Work instructions:
Please keep the images out and set down the data exactly as given.

Dataset excerpt:
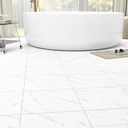 20 Pack Cover 20 Sq.Ft Peel and Stick Floor Tiles, 12” x 12” Self Adhesive Vinyl Flooring Easy DIY Installation for Kitchen, Living Room, Laundry, RV, Matte White Vein Marble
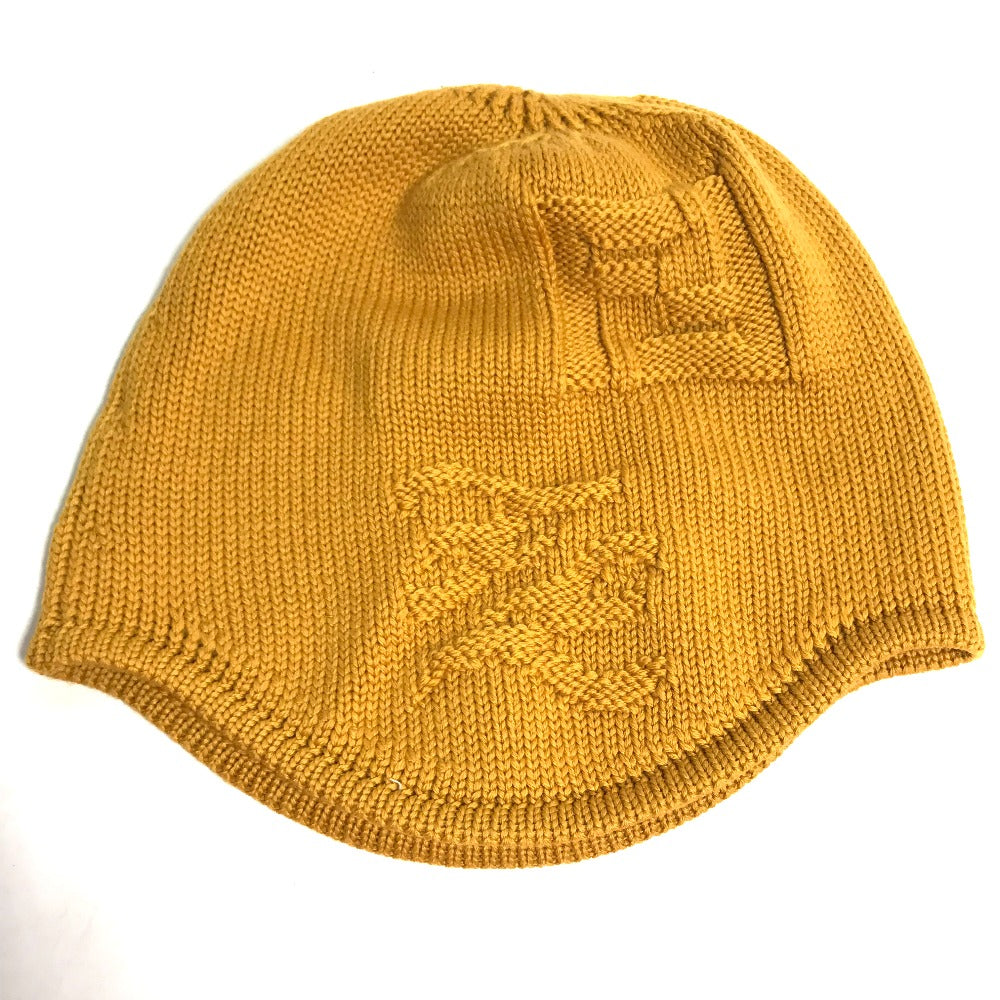 FENDI Knit hat FXQ056 wool yellow logo Women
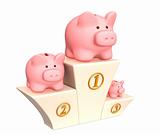 3d piggy banks on a pedestal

Output for this task:
 20 Pack Cover 20 Sq.Ft Peel and Stick Floor Tiles, 12” x 12” Self Adhesive Vinyl Flooring Easy DIY Installation for Kitchen, Living Room, Laundry, RV, Matte White Vein Marble
 FENDI Knit hat FXQ056 wool yellow logo Women
 3d piggy banks on a pedestal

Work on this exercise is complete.